# Relief Valve on Freight Cars



## Dwight Ennis (Jan 2, 2008)

What's the purpose of the relief valve on freight cars K type brake systems? Is it an automatic or manual pressure relief valve? Does it act as some sort of safety? 

Thanks.


----------



## pfdx (Jan 2, 2008)

"A pressure retaining valve, which is connected by piping to the triple valve exhaust, it's purpose being when the handle is placed in retarting position, to retard the rate of brake cylinder exhaust while the engineman is recharging the auxiliary reservoirs, and when the brake cylinder pressure has been reduced to a certian predetermined amount, to retain that pressure in the brake cylinder." 

from "Single Capicity Freight Brake Equipment ("K" Triple Valve)" 

More commonly refered to a retainer they are usually "set up" before decending a steep grade. The brakes on the cars will remain released until the engineer makes the first application. when the engineer releases the brakes the trainline pressure rises and begins to recharge the auxiliary reservoirs but the brakes remain applied holding the train instead of releasing quickly. The retaining valve contains a spring actuated valve that closes when the cylinder pressure drops to 10psi. The air also hase to pass through a "chock" that restricts the flow and gradually releases the pressure until the spring shuts off the flow. 

10 psi is roughly the cylinder pressure of a minimum application. SO when the engineer is ready to apply the brakes again the Auxiliary reservoirs are full and the brakes are still applied with the shoes warmed up and ready to go, or stop, which the train must do when it reaches the bottom of the grade. 
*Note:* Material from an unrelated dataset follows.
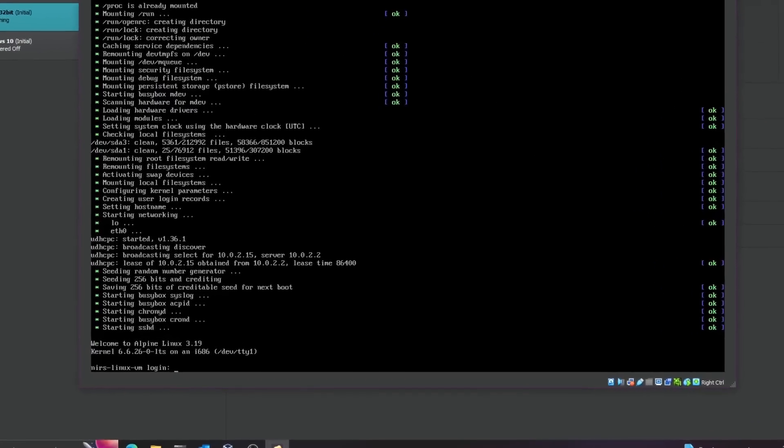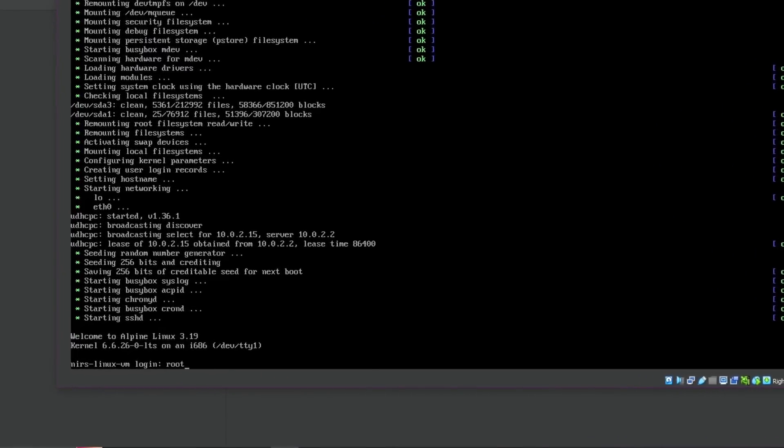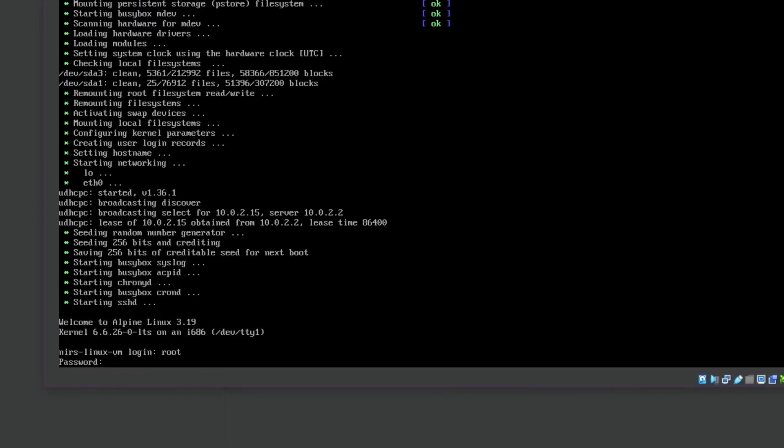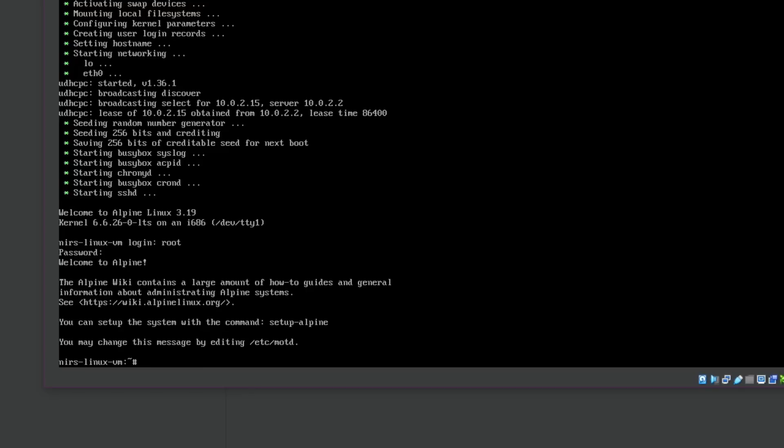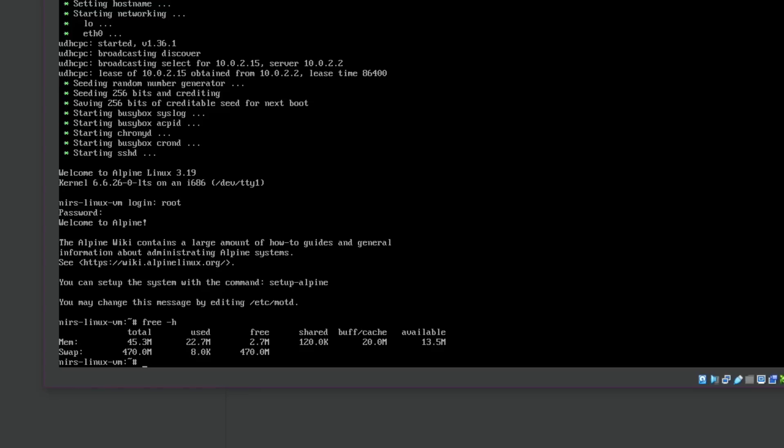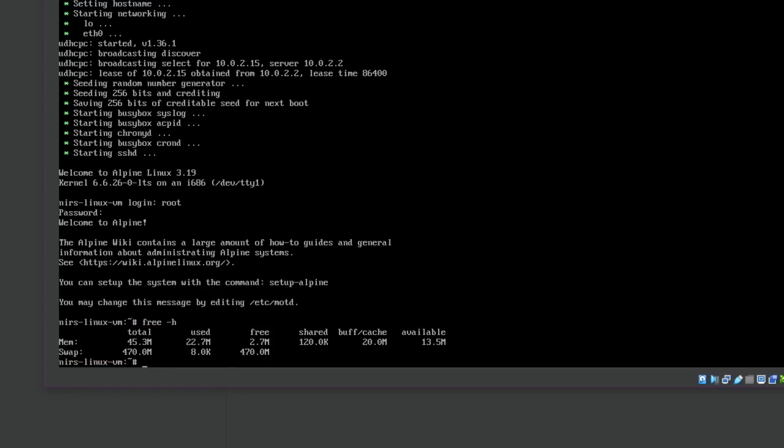Now I'll just go ahead and log in here for a sec and if I check out with the free command how much memory we have you can see I'm right here on the limit. You can see I don't have a lot of free memory available but you can see that it's basically running just fine.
They remain applied until a trainman manually releases the retainer on each car at the bottom. This allows the engineer to adjust the braking force as the grade changes with out ever going into full release. 

The retaining valve is a part of all modern freight brake systems, and passenger cars that saw steep grades were also equiped. 

Paul


----------



## Dwight Ennis (Jan 2, 2008)

Thanks Paul.


----------